Any information at all would be great. The only thing I know so far is that Sparkle was owned at one point in time by Red Stone Farm. I am looking at Shetland here and I am usually decent at finding things out but this one leads me stumped.....

P.s. Sorry if this is in the wrong area...please feel free to move it, if need be.... Thanks


----------



## mendocinobackofbeyond (Aug 10, 2009)

Hi: I recognize the Red Rock prefix and it is a well known and respected name. I believe that I heard from John Baker last year or before and that he had several Red Rock bred animals that he was selling. I'll have to go back to my emails and see if I can find our correspondence, because if it is who I think it is, he also sent me pictures of White Lightning. Don't know much more than that. Good luck. Ta, Shirlee


----------



## Ellen (Aug 10, 2009)

mendocinobackofbeyond said:


> Hi: I recognize the Red Rock prefix and it is a well known and respected name. I believe that I heard from John Baker last year or before and that he had several Red Rock bred animals that he was selling. I'll have to go back to my emails and see if I can find our correspondence, because if it is who I think it is, he also sent me pictures of White Lightning. Don't know much more than that. Good luck. Ta, Shirlee


All I can say is Red Rock is a well bred line of Shetlands. I have several that I love and have done well. Maybe she has a little shetland in her wood pile. Good Luck in you quest.


----------



## PrestigeMiniHorses (Aug 10, 2009)

Yep John Baker would so be the guy I am talking about too... Any idea where he is located at these days? Oh that would be so awesome if you happened to have found those pics of Lightning. I love those Red Rock horses..Does anyone know who sells the Red Rock horses? LOL...I am still alil on the new side of ponies...
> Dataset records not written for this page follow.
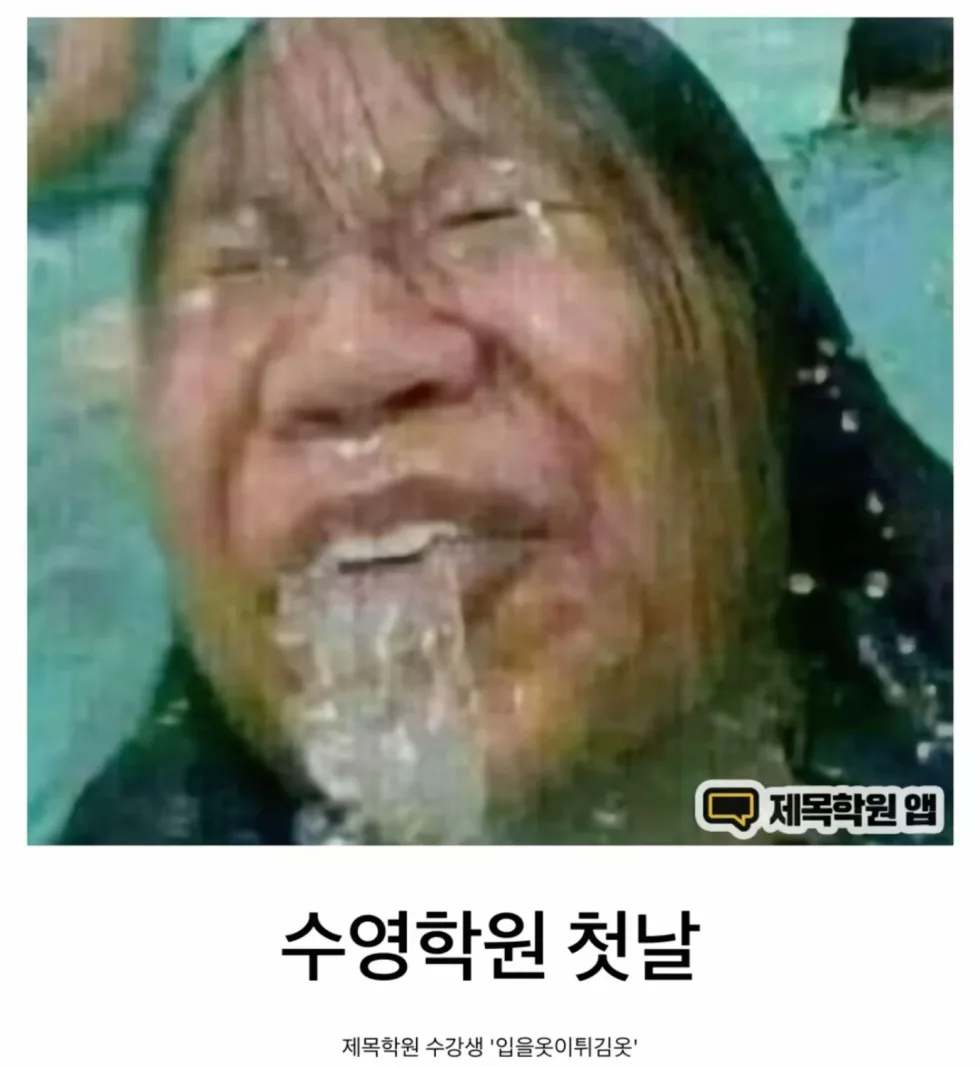 180개의 아이디어 짤방 웃긴짤 유머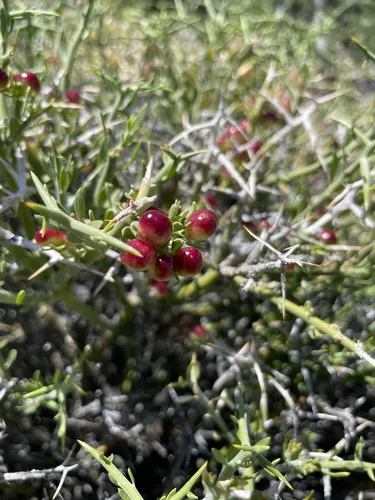 Spiny Menodora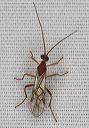 braconid_1737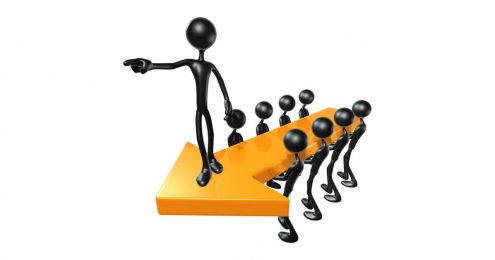 Executive Director Interview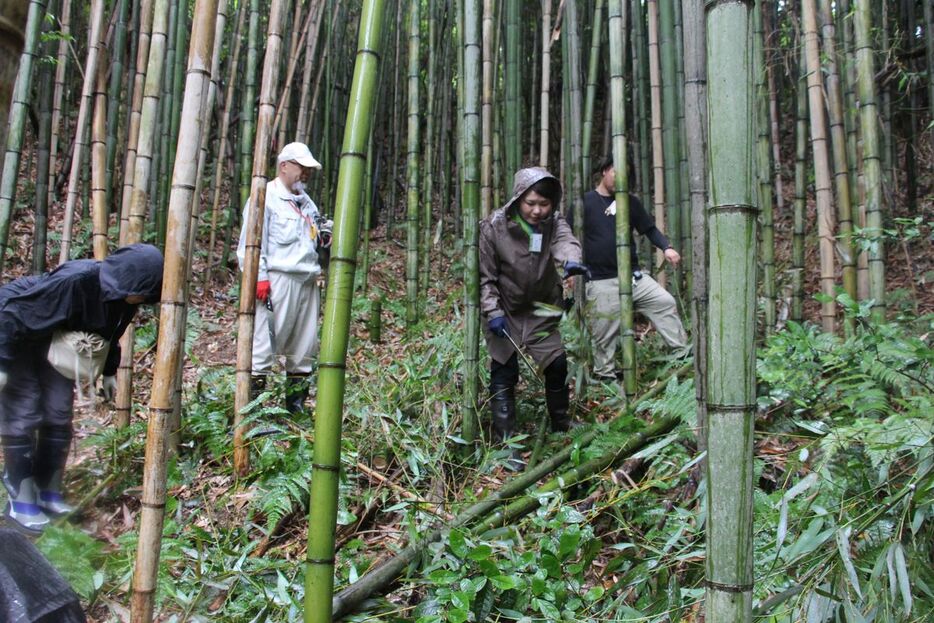 巨大アート制作に使う竹を伐採する参加者たち＝９日、大阪府岸和田市（藤谷茂樹撮影）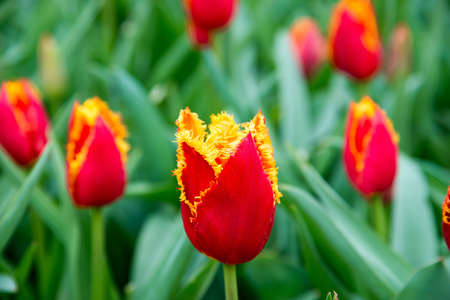 Red and yellow tulips in the gardenの写真素材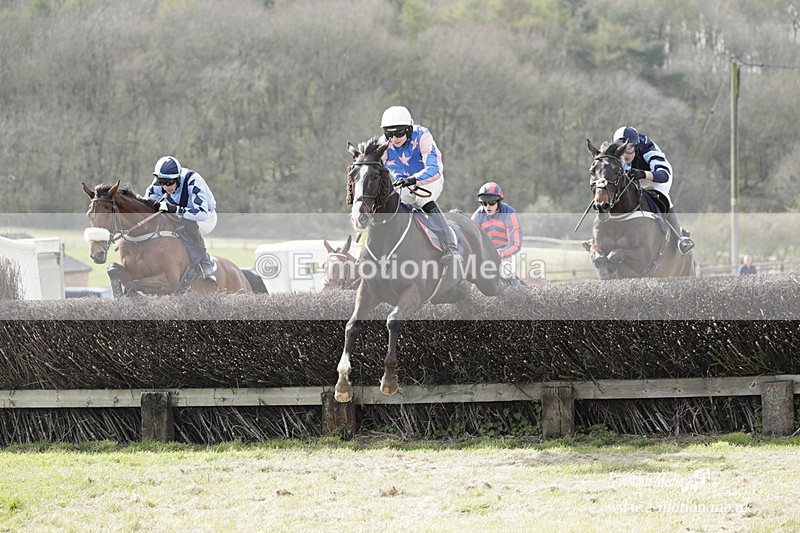 PtP 080423 221 - Dingley Races The Woodland Pytchley Hunt PtP 08/04/23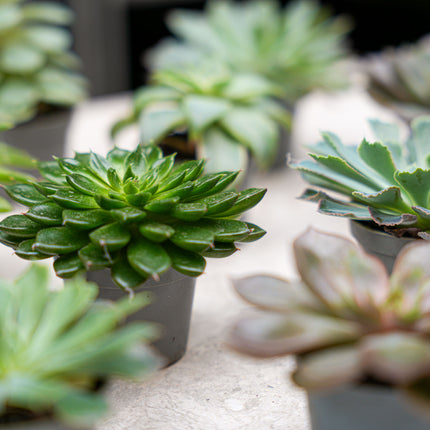 Set de 3 - Succulentes assorties en pots 6 cm - ↑ 8-12 cm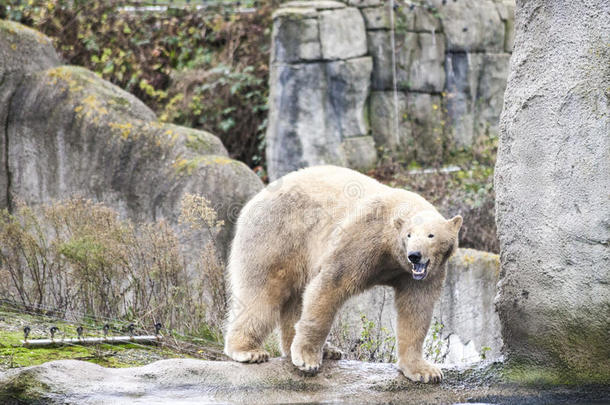 大白熊。 北极熊去海里游泳。 阿拉斯加的早春野生熊钓到一条鱼。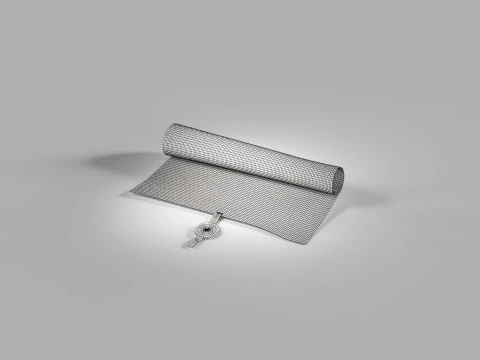 Magna Carta Scroll 3D Model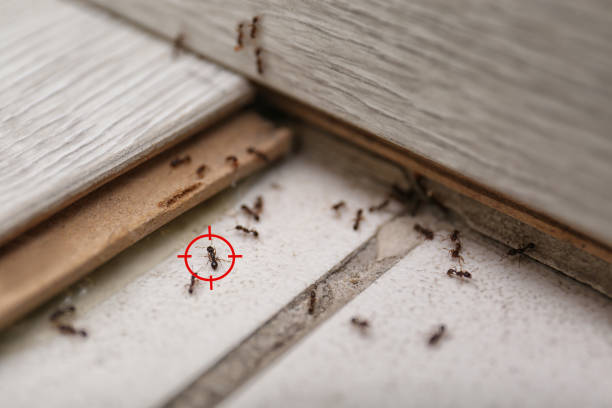 Best Ant Control  in Walnut, CA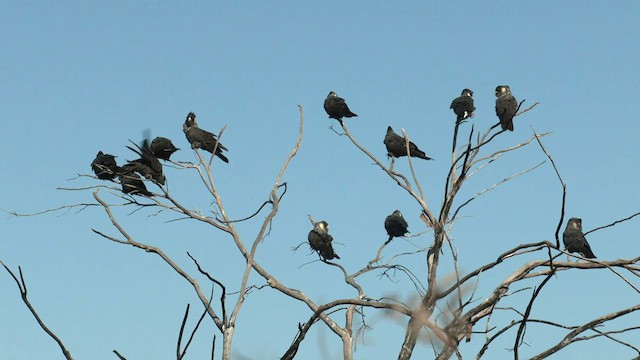 Carnaby's Black-Cockatoo - ML577379851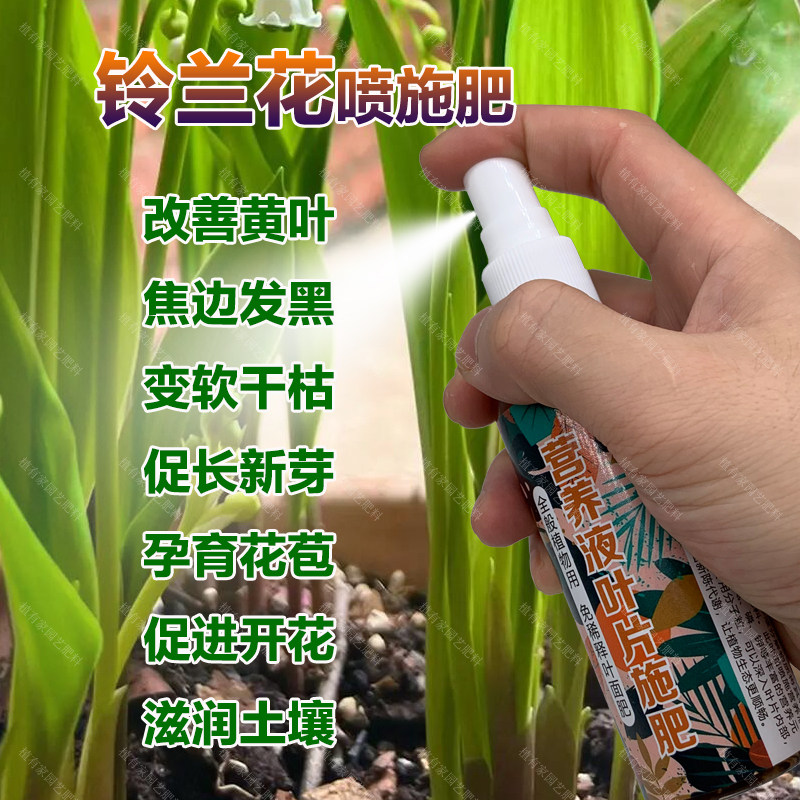 铃兰专用肥料盆栽植物改善叶子发黄焦边变软发黑营养液铃兰花肥料,鲜花速递/花卉仿真/绿植园艺,家庭园艺肥料,淘宝优惠券,粉丝福利购,淘宝优惠卷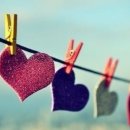 재운농장 이미지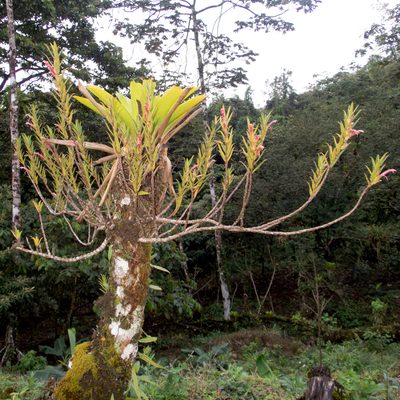 Columnea linearis, photographed by carnifex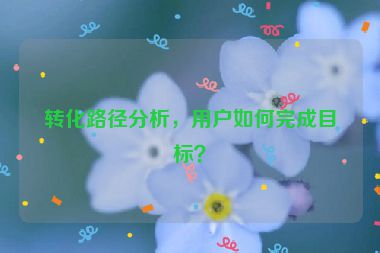 转化路径分析，用户如何完成目标？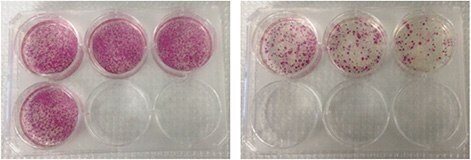 Alkaline phosphatase staining of day 28 reprogrammed fibroblasts (HFF and BJ) generated using Simplicon™ RNA Reprogramming Technology.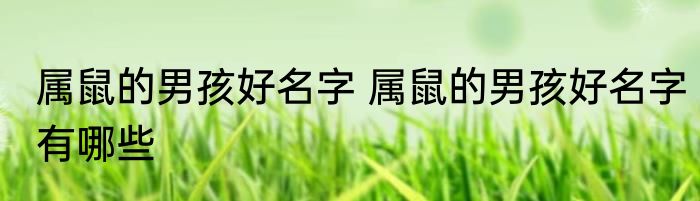 属鼠的男孩好名字 属鼠的男孩好名字有哪些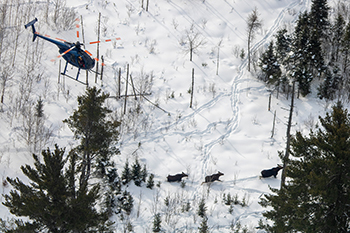 A helicopter is shown above three moose in western Marquette County.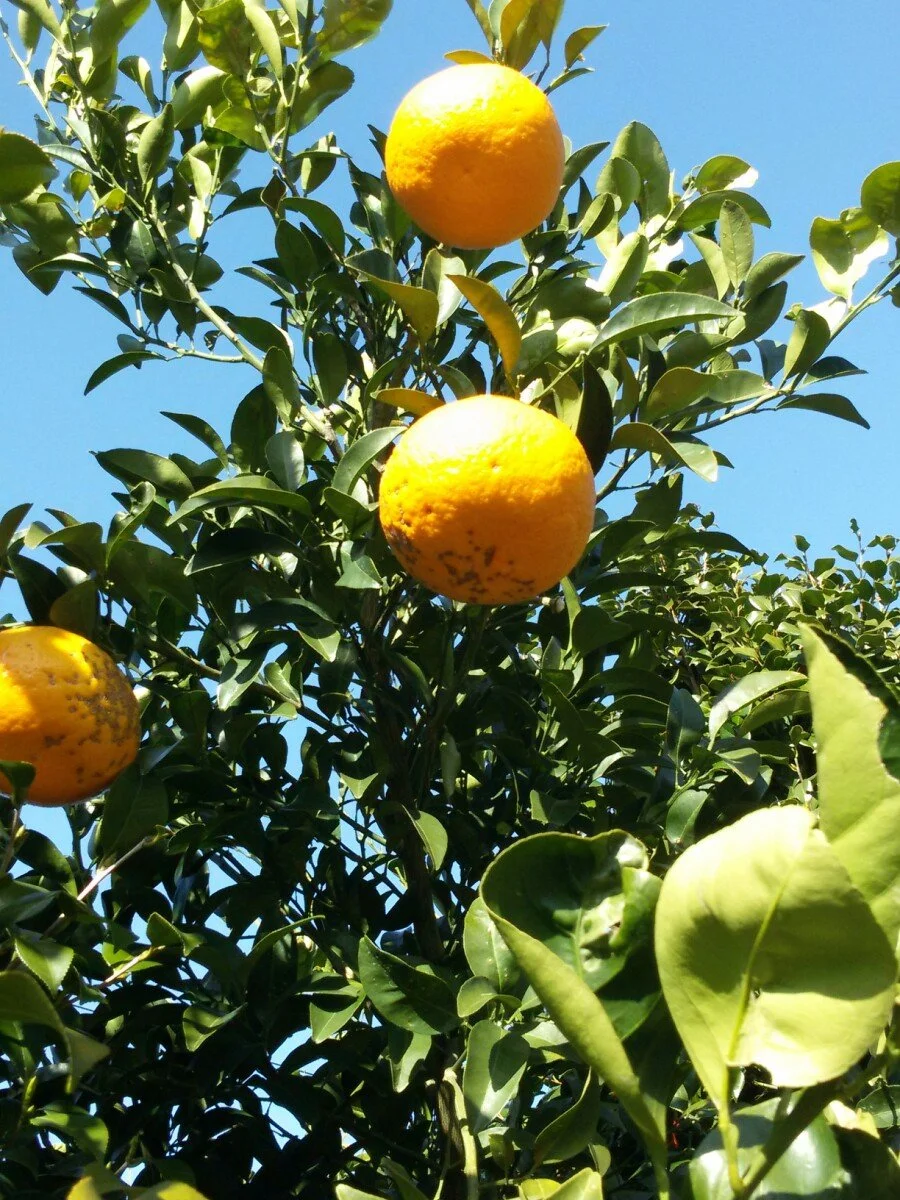 20180312_161357.jpg?type=w1200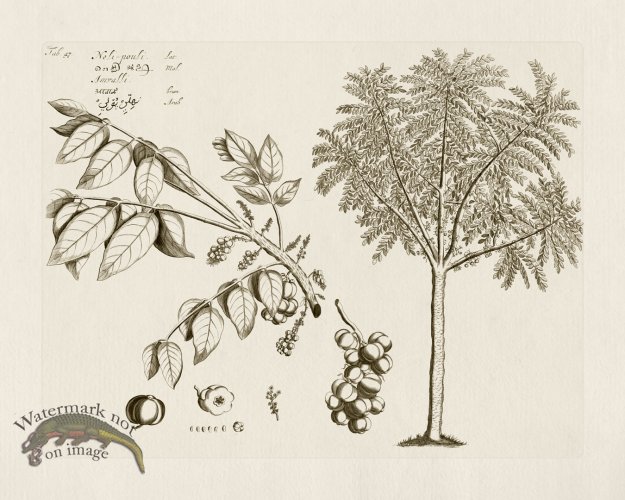 (image for) HORTUS VOl 03 47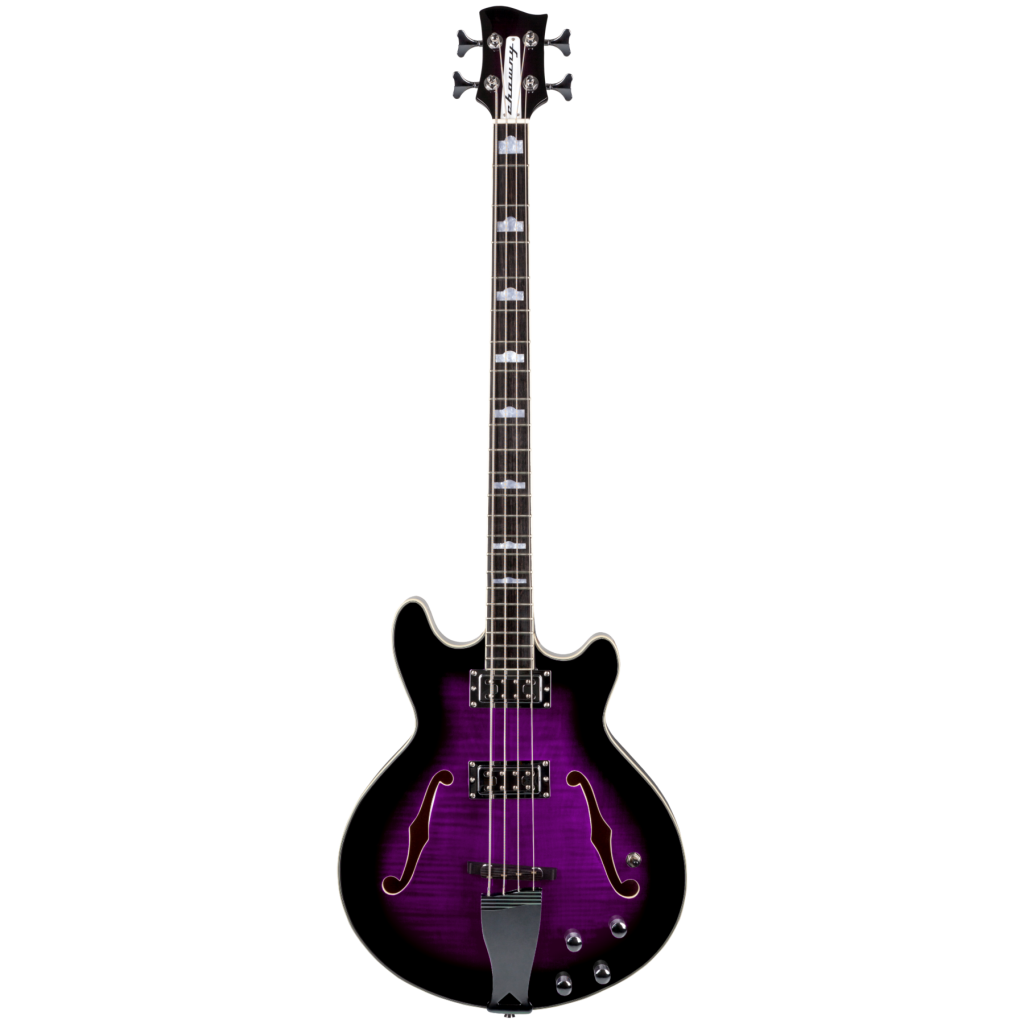 Bass Guitars Chowny Bass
Thanks by the way for all the info...


----------



## mendocinobackofbeyond (Aug 11, 2009)

Hi: Red Rock was the prefix for John Vriezelaar's farm. He is or was in IA. I believe he still has a tack store, but he stopped breeding and disbanded all of his ponies maybe, 6/8 years ago. The only way you can get a Red Rock these days is to find somebody who has one they'll sell -- and that's not easy. Most people who have the Red Rocks hang onto them. We're lucky enough to have two mares and wouldn't part with them for the world. I know that Chris and Paul Wait of Wa-Full Farm have several Red Rock mares and stallion that they're crossing on ponies of their breeding. Once in awhile they'll actually bred a Red Rock to a Red Rock but not very often, so the pure Red Rock is gradually disappearing. I know Julie Mabie out here in CA. has a black Red Rock mare and just bought a Red Rock stallion and also a lovely pinto mare. Oh, look for the G & S prefix -- that's Vriezelaar's son-in-law and the G & S's are bascially Red Rocks. Sorry I don't have more info. Ta, Shirlee


----------



## PrestigeMiniHorses (Aug 11, 2009)

Shirlee, so you say that to have a red rock crossed to a red rock would be a good thing right?? Ponies are rare here in Colorado and I actually found a colt by this actual cross... Don't worry will post pics when he gets here... Which looks like he will be here Friday  Gosh I can't wait


----------



## PrestigeMiniHorses (Aug 11, 2009)

Oh yeah I just thought about something what does KL prefix mean if anything? I know alot of Bellevue Horses have it in their name anything other than that...Sorry for all the questions... I am still kinda new Shetlands


----------



## Slagle (Aug 12, 2009)

The KL in the animals names is for Red Rock Tomorrow's Kid Lee. His sire was Red Rocks Tomorrow and his sire was Kid Lee himself.

The Red Rock or G & S animals are beautiful animals.

Yes my folks have several. Their web site is www.wa-fullfarm.com.

They have used Red Rock breeding for YEARS. To me their best mare is Red Rock Cookie.

Tracey Wait Slagle


----------



## Lmequine (Aug 13, 2009)

Check out the website for Eldon McCall in IA. The addres is www.bellevuefarm.com. He probably has more Red Rock bred ponies than anyone. He uses the KL in the name of the offspring of his stallion Bright Eyed Rock C & M. Rock is out of a Red Rock mare. Bellevue Farm's website also has historical information and photos of some of the Shetland bloodlines.


----------



## Spencer Creek (Aug 13, 2009)

I own a son of Red Rock Bullseye Sparkle. A daughter of the mare you are referring to. My client purchased Sparkle from the Taylor's in foal and has a yearling out of her as well. Parnell also has a full sister that was at Congress this year. If you need more info or pics you can email me.


----------



## Lewella (Aug 18, 2009)

I'm sure Eldon knows how to get in touch with John Baker also. If I remember correctly he's in Colorado. No one has a heavier concentration of Red Rock breeding in their herd that Bellevue Farm has and Eldon does a good job of keeping track of who else does also. He bought quite a bit of John V's breeding stock when John retired and also some from John's son in law Greg Gildersleve.


----------



## PrestigeMiniHorses (Aug 20, 2009)

Thank you all for all your great help....I will be looking more into doing my search... But shhh I know I am behind but I did get this pony I have been wanting out of this breed... i just need to get pics lol


----------